EXERCISE
Type out the complete listing below word for word, without its pictures.

------

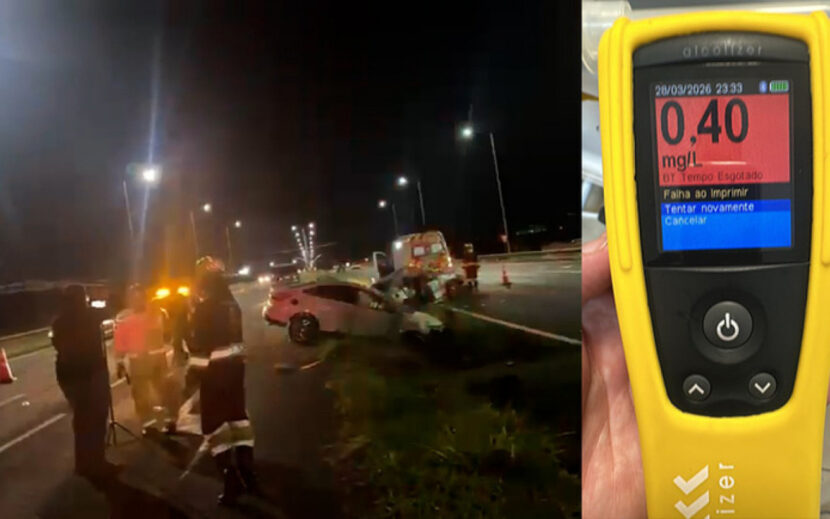 1_00d303c1_600a_4520_a3bf_b42a61484a39-38389863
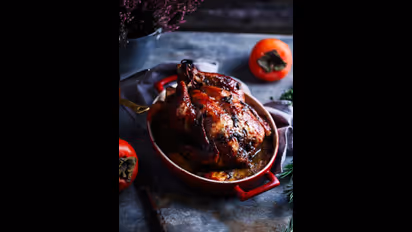 தினமும் 'தங்கத்தை' சாம்பலாக்கி சுவைத்த மகாராஜா!!  கடைசியில் அவருக்கு என்னாச்சு தெரியுமா? 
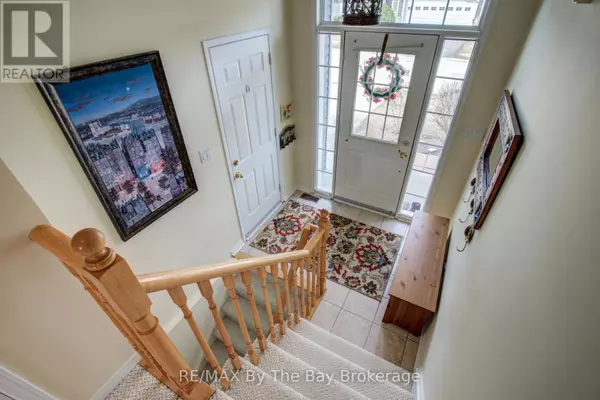 Collingwood, ON L9Y5H9,32 Green Briar DR #32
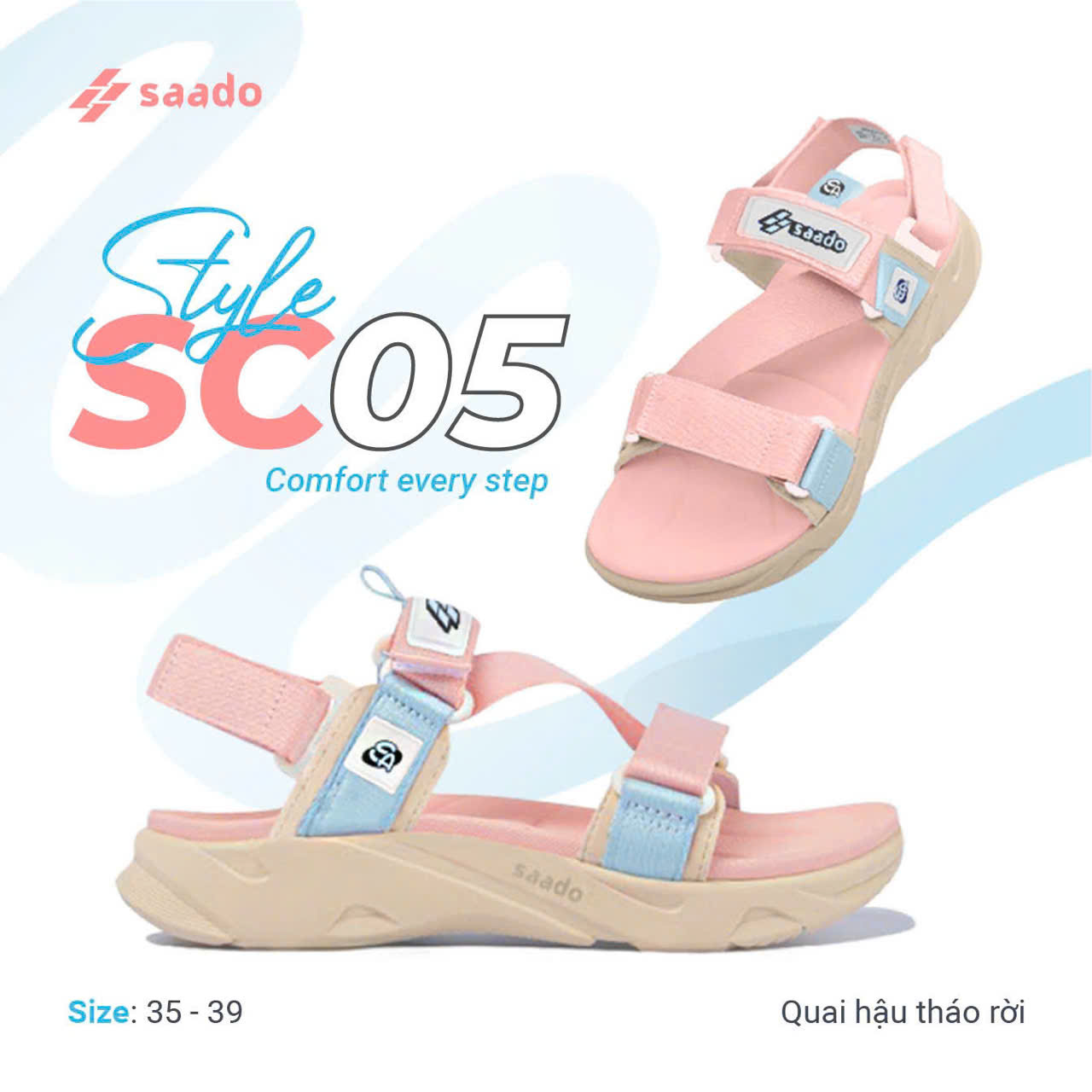 Saado
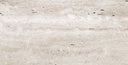 Travertine Silver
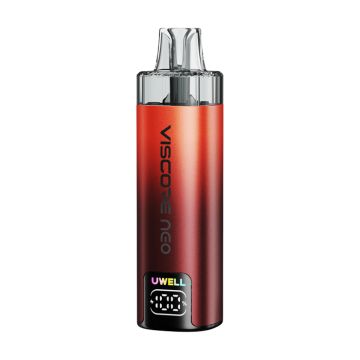 Uwell Viscore Neo Prefilled Pod Kit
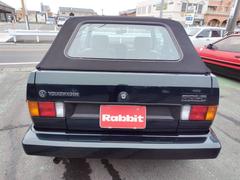 ����ե��֥ꥪ ���饷�å��饤�󡡥١�����쥶�����ǥ����顼�֡���ư�����ץ� 0200342A20260228W001 6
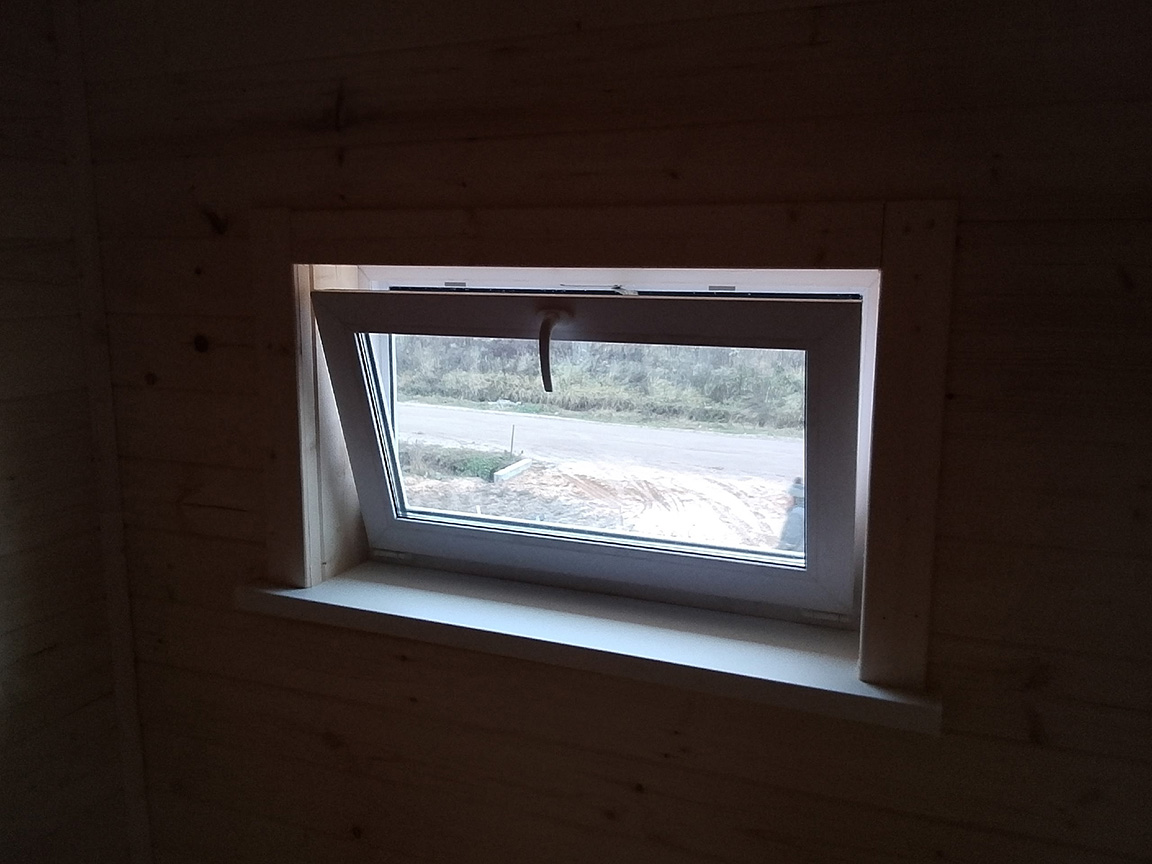 ��������������� ��� 7,5�10 � ��������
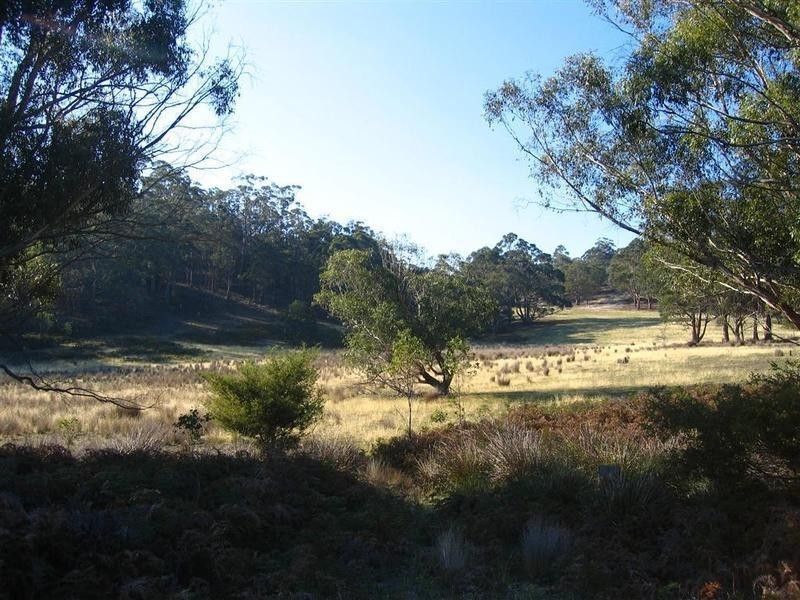 Lot 2 Heatherbell Road, Forcett TAS 7173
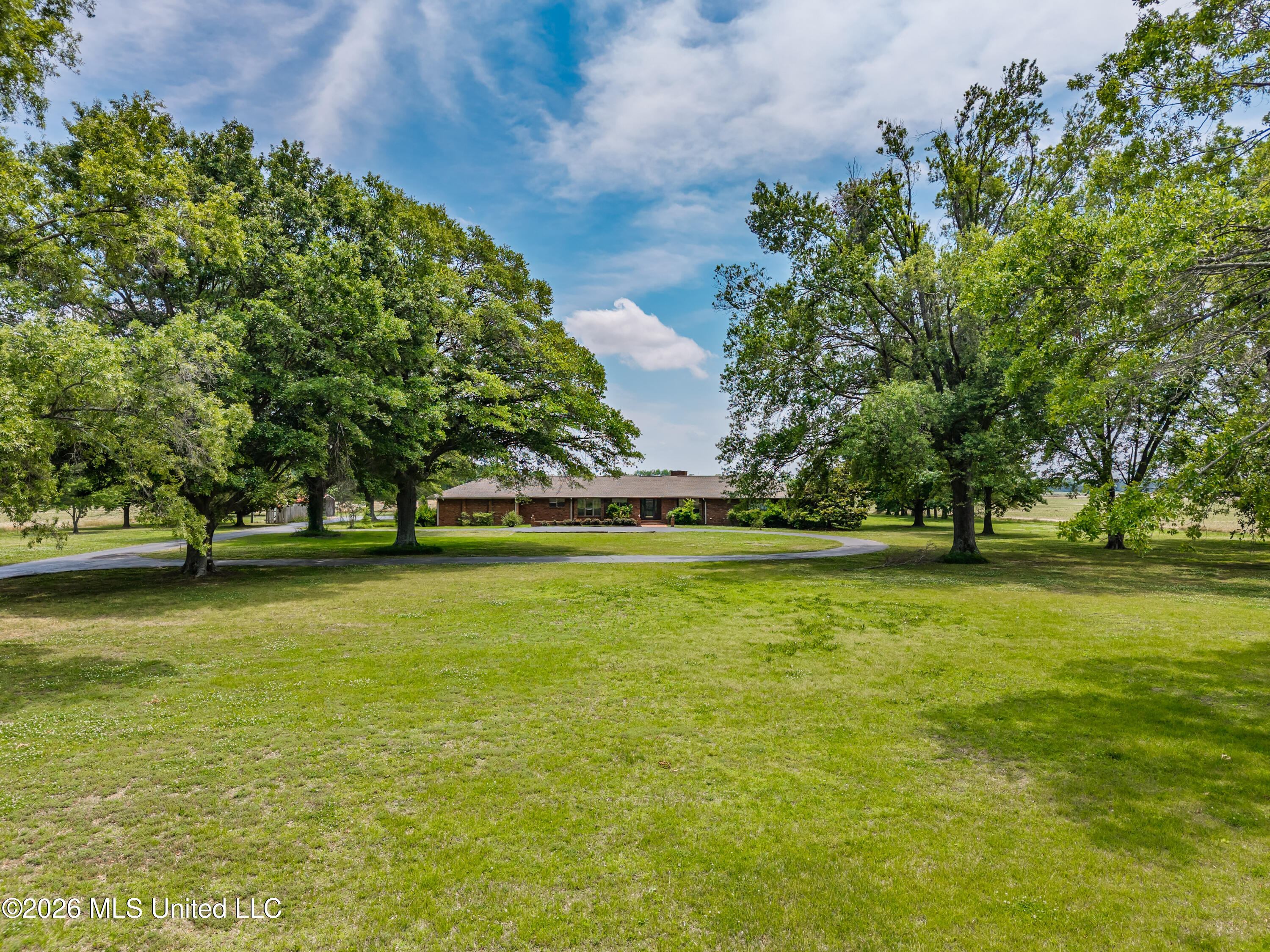 5042 Dummyline Road Property Photo 76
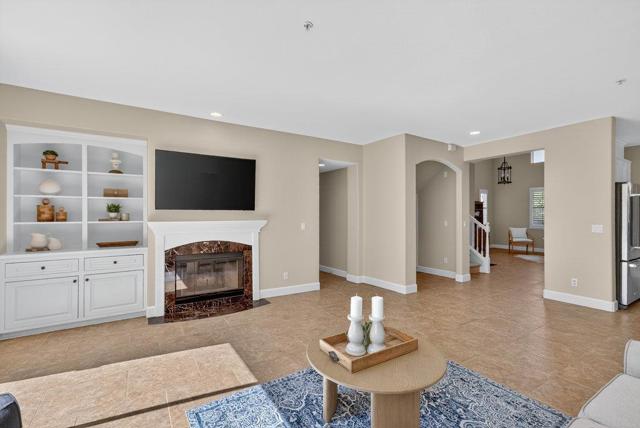 MLS #ML82024728 image #25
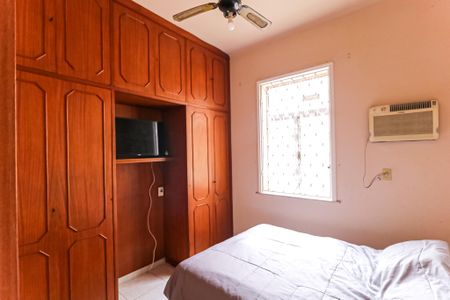 Casa à venda com 128m², 3 quartos e 2 vagas Casa à venda com 128m², 3 quartos e 2 vagasQuarto 2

------

ANSWER BELOW
 1_00d303c1_600a_4520_a3bf_b42a61484a39-38389863
 தினமும் 'தங்கத்தை' சாம்பலாக்கி சுவைத்த மகாராஜா!!  கடைசியில் அவருக்கு என்னாச்சு தெரியுமா? 
 Collingwood, ON L9Y5H9,32 Green Briar DR #32
 Saado
 Travertine Silver
 Uwell Viscore Neo Prefilled Pod Kit
 ����ե��֥ꥪ ���饷�å��饤�󡡥١�����쥶�����ǥ����顼�֡���ư�����ץ� 0200342A20260228W001 6
 ��������������� ��� 7,5�10 � ��������
 Lot 2 Heatherbell Road, Forcett TAS 7173
 5042 Dummyline Road Property Photo 76
 MLS #ML82024728 image #25
 Casa à venda com 128m², 3 quartos e 2 vagas Casa à venda com 128m², 3 quartos e 2 vagasQuarto 2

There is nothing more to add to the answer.